Start of Material supplied

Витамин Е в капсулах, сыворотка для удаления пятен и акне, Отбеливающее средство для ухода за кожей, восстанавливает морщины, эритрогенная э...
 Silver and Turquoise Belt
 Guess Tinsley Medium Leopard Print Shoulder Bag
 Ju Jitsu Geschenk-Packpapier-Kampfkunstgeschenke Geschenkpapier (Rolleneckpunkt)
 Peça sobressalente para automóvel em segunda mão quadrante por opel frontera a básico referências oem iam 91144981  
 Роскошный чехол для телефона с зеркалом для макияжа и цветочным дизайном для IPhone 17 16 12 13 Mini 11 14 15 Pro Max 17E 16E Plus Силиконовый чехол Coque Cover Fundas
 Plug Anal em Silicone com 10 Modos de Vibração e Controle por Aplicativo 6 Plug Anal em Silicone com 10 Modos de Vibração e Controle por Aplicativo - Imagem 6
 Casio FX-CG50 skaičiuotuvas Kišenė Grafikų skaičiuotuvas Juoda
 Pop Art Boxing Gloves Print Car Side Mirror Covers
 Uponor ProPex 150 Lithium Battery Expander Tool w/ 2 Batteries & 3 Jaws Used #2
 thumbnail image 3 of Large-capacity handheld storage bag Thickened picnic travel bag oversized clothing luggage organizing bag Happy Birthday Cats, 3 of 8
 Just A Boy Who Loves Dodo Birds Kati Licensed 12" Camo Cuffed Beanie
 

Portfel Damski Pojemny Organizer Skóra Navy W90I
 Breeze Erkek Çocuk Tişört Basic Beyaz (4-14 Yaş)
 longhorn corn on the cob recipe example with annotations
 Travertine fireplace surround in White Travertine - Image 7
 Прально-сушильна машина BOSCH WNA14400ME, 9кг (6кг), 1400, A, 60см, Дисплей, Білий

End of Material supplied

### Task to carry out
Output the listing above word for word, from the opening line through the line that contains "Роскошный чехол для", and leave out everything after it.

### Task solution
Витамин Е в капсулах, сыворотка для удаления пятен и акне, Отбеливающее средство для ухода за кожей, восстанавливает морщины, эритрогенная э...
 Silver and Turquoise Belt
 Guess Tinsley Medium Leopard Print Shoulder Bag
 Ju Jitsu Geschenk-Packpapier-Kampfkunstgeschenke Geschenkpapier (Rolleneckpunkt)
 Peça sobressalente para automóvel em segunda mão quadrante por opel frontera a básico referências oem iam 91144981  
 Роскошный чехол для телефона с зеркалом для макияжа и цветочным дизайном для IPhone 17 16 12 13 Mini 11 14 15 Pro Max 17E 16E Plus Силиконовый чехол Coque Cover Fundas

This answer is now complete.